The JOBS Act substantially increases the appeal of Regulation A which was created under Section 3(b) of the Securities Act to exempt public offerings not exceeding $5 million in any 12-month period by non-reporting companies from registration. The JOBS Act creates the possibility that shares issued in Regulation A offerings will qualify as “covered securities” under state blue sky laws. Issuers should consult with a Regulation A attorney prior to planning an offering in reliance upon the proposals.
The new proposals will apply to all issuers: SEC reporting companies and non-reporting companies quoted on the OTCMarkets Pink Sheets.
These proposals will make it easier to attract the shareholders necessary to obtain a ticker symbol and will encourage issuers to go public direct without an underwriter and to undertake direct public offerings instead of reverse mergers with public shells.
As currently in effect Regulation A offerings:
• do not require audited financial statements;
• may be publicly offered and sold;
• do not cause the issuer to become an SEC reporting company;
• allow three disclosure formats including a simplified question and answer format;
• can be made to accredited and unaccredited investors;
• allow the issuer to “test the waters” to determine if there is investor interest in its offering;
• allow securities to be issued without a restrictive legend if state blue sky laws allow unrestricted securities to be issued;
• are available to issuers organized and having a principal place of business in the United States or Canada;
• can only be relied upon by issuers who are not subject to the 1934 Act’s periodic reporting requirements;
• cannot be relied upon by development stage companies; and
• are not available to issuers that have been the subject of SEC enforcement proceedings.
The JOBS Act and Regulation A
The JOBS Act requires the SEC to adopt rules (the “Rule”) modifying Regulation A. Many of the existing provisions of Regulation A will stay in place after implementation of the revisions. The primary changes resulting from the Rule include increasing the cap on Regulation A offerings from $5 million to $50 million and federal preemption of state laws allowing shares issued in Regulation A offerings to qualify as “covered securities” under state blue sky laws. The impact of the “covered securities” designation will allow the issuer complying with Regulation A to issue unrestricted securities under certain circumstances.
The Rule must:
• permit the issuer to solicit interest in the offering prior to filing any offering documents with the Securities and Exchange Commission;
• provide that the securities will not be considered to be “restricted securities”; and
• amend the Securities Act to designate securities offered and sold pursuant to the Rule as “covered securities” for purposes of Section 18 of the 1933 Act if the securities are offered and sold on a national securities exchange or to “qualified purchasers.
Lastly, the JOBS Act grants the SEC the authority to create other rules and regulations for the protection of investors.
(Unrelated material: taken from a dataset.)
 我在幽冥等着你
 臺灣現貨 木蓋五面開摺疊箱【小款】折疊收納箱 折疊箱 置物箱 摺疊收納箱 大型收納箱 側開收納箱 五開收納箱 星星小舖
These rules may include a requirement that issuers file disclosures with the SEC and provide such disclosures to investors. They will include information about the issuer’s business and operations, management, use of proceeds, corporate governance and must be accompanied by audited financial statements.
The SEC may also require disqualification provisions with respect to Regulation A offerings similar to the regulations found in the recently enacted Dodd-Frank Wall Street Reform and Consumer Protection Act that prohibit felons and other “bad actors” from making Regulation D offerings.
For more information about the JOBS Act please visit our blog post at:
For more information about Regulation A please visit our blog post at:
For further information about this securities law blog post, please contact Brenda Hamilton, Securities Attorney at 101 Plaza Real S, Suite 202 N, Boca Raton, Florida, (561) 416-8956, by email at [email protected] or visit www.securitieslawyer101.com. This securities law blog post is provided as a general informational service to clients and friends of Hamilton & Associates Law Group and should not be construed as, and does not constitute, legal advice on any specific matter, nor does this message create an attorney-client relationship. Please note that the prior results discussed herein do not guarantee similar outcomes.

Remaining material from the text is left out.